Cyber attack attempts targeting the federal judiciary have risen sharply in recent years to more than 24 million in 2019, and some incidents have been tied to other nations, judiciary officials said in congressional testimony.
Cyber incursions are “an increasing problem,” but there’s no indication that any attempt to penetrate and disrupt court systems have been successful, District Judge John Lungstrum told a House appropriations subcommittee on Wednesday.
“That’s the good news,” said Lungstrum of Kansas, who was on Capitol Hill with the Administrative Office of the U.S. Courts, which oversees the workings of the federal judiciary, to discuss its fiscal 2021 budget request.
He and courts’ office director James Duff said the information on hacking comes from U.S. law enforcement, so they said they were limited in what information they could convey publicly to lawmakers.
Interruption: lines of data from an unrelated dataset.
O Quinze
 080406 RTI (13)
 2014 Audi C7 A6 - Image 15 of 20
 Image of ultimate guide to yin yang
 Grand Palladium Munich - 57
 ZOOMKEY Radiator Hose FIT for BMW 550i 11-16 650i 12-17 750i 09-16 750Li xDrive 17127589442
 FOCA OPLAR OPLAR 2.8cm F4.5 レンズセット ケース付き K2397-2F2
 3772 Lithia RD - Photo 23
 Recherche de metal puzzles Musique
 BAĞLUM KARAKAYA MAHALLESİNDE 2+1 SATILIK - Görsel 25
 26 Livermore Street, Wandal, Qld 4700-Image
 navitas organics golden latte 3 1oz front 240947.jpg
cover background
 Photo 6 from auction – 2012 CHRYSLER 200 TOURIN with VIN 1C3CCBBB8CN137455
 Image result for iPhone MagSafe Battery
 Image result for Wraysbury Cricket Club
But they did say “nation states” were among those targeting court systems. They were not more specific but did note that estimated incursions jumped from about 9 million in 2016 to more than 24 million last fiscal year.
They said it’s not clear what incursions are after specifically, but that court systems house case information, confidential records, and other personal data. They also speculated that cyber attacks could simply be aimed at disrupting websites or other electronic systems that serve the U.S. government.
In response, Lungrstrum said the judiciary has bolstered firewalls and encryption, patched security in areas where incursions are taking place, and has increased awareness among staff.
One potential solution, he said, would be to increase salaries of information technology professionals to attract talent.
“As we look at our salary increases here, one of the big drivers is we’ve got to pay IT people more than what we once upon a time used to pay when the federal government was viewed as maybe a better bet to work for than the private sector,” Lungstrum said.
The judiciary’s overall budget request seeks a 4.4% annual increase in funding for the fiscal year beginning Oct. 1.